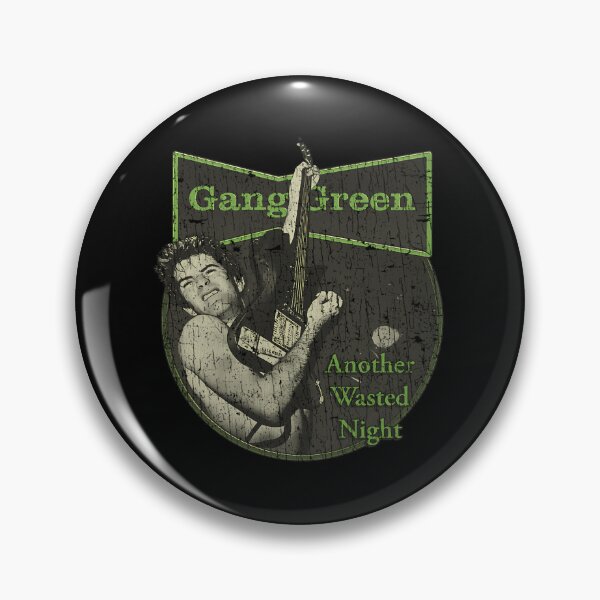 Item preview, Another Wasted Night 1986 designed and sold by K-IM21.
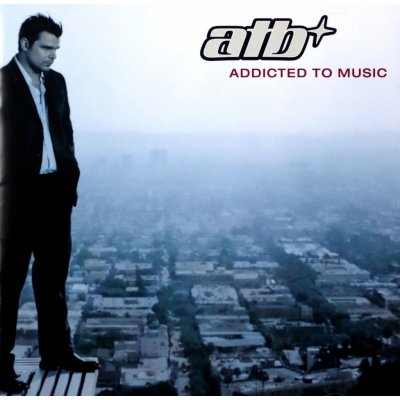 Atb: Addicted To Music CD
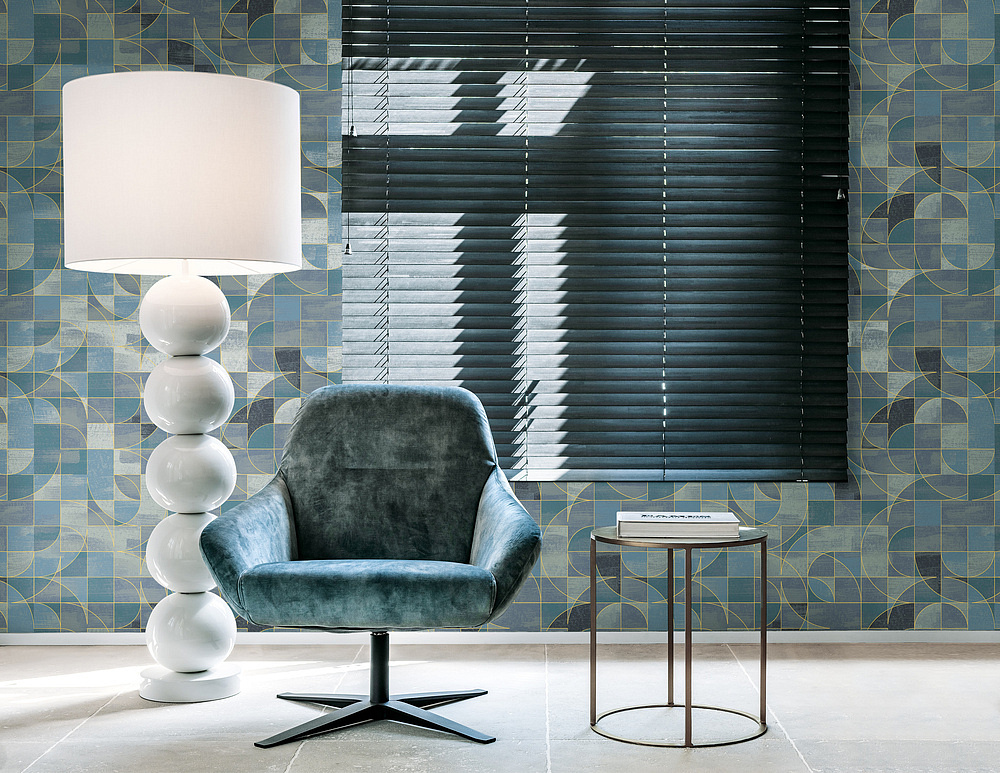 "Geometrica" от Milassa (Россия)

---

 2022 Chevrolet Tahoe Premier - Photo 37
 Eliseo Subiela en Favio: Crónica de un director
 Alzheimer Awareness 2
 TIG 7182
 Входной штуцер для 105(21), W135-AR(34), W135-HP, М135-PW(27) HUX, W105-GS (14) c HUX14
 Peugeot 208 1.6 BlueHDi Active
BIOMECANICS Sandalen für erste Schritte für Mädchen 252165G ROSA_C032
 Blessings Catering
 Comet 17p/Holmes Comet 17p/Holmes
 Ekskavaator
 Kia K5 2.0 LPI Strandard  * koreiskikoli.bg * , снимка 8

Aim of the exercise
From the entries above, print the lines beginning at the one with "Входной штуцер для" and stopping after the one with "Kia K5 2.0 LPI", exactly as written and with nothing else.

Response to the exercise
 Входной штуцер для 105(21), W135-AR(34), W135-HP, М135-PW(27) HUX, W105-GS (14) c HUX14
 Peugeot 208 1.6 BlueHDi Active
BIOMECANICS Sandalen für erste Schritte für Mädchen 252165G ROSA_C032
 Blessings Catering
 Comet 17p/Holmes Comet 17p/Holmes
 Ekskavaator
 Kia K5 2.0 LPI Strandard  * koreiskikoli.bg * , снимка 8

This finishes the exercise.